До ноябрьского праздника осталось три холодные недели. Ночи бессонны и тревожны. Гитлеровцы предприняли новую попытку прорваться к Москве. Город Горький, как вся страна, затаил дыхание. Вот уже месяц как по Московскому шоссе с нарастающей силой движутся стада скота и непрерывный поток беженцев, грузовых машин с людьми и домашним скарбом в кузове.
Во время поездок в Дзержинск по особым заданиям главного конструктора (для противооткатных устройств не хватало тормозной жидкости — стеола) я видел, как строились укрепления — дзоты и доты. Дни и ночи на оборонительной линии копошились сотни тысяч людей всех возрастов — с заводов, из институтов и даже из городских школ. Она протянулась от берегов Волги до Мурома. Выходит, Москва может не устоять? Наш славный Горький станет прифронтовым городом? Тревога и озабоченность на заводе нарастают. В цехах и отделах составляются списки на эвакуацию детей.
Ныне Грабин досрочно вызвал меня к себе.
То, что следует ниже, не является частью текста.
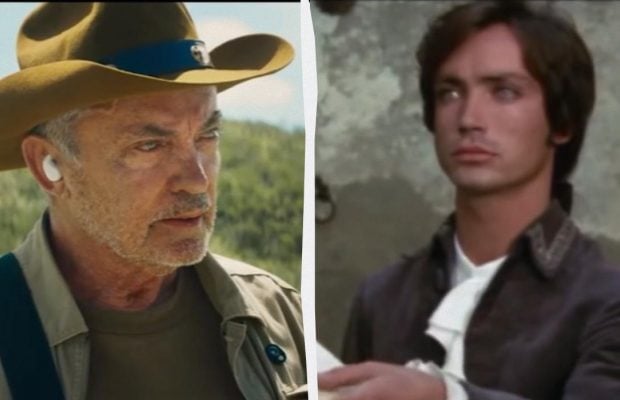 Світ кіно у скорботі: пішов з життя культовий німецький актор Удо Кір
Он, как всегда, чисто выбрит и по-военному подтянут. Ни во взгляде, ни в словах нет и тени тревоги. Он попросил меня подробно доложить об исполнении графика. Его особенно интересовала экономия машинного времени при изготовлении отдельных узлов пушек после применения новых приспособлений и специального высокопроизводительного инструмента, в том числе многорезцовых головок. Василий Гаврилович поручил изучить сортамент имеющихся на складе завода металлов и по списку, который вручил мне, представить небольшую справку. В кабинет вошел Петр Михайлович Назаров. Главный разговаривал по телефону. Назаров вынул из кармана серенького пиджака платок с розовой каемкой и старательно вытер мощный выпуклый лоб и просторную лысину. На скуластом, монгольского склада лице глубоко спрятанные живые серые глаза, и сам он — средоточие интереса и внимания.
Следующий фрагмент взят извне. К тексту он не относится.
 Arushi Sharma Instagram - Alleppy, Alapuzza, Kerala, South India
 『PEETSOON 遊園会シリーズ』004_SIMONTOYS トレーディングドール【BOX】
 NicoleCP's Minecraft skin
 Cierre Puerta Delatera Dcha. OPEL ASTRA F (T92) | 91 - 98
Грабин спокойно, будто речь пойдет о каких-то обыденных частностях жизни ОГК, сказал:
— Петр Михайлович! Не пора ли нам с вами начать по-серьезному думать и вплотную заняться новой мобилизацией внутренних резервов завода?
— Ого! И каким это образом, позволительно вас спросить? — чуть заметная тень саркастической улыбки скользнула по его лицу. Она как бы говорила: «Мы все время изыскиваем резервы — модернизация систем, новая технология, технически обоснованное нормирование. Что еще теперь надо?»
Назаров пожал плечами.
— Вы понимаете, Петр Михайлович, о чем я говорю? Я имею в виду рациональную технологию. Вы и Петр Иванович Иванов через неделю представите техническому совету соображения по выпуску в 1942 году 2800–3000 пушек в месяц. Дело не терпит ни минуты отсрочки.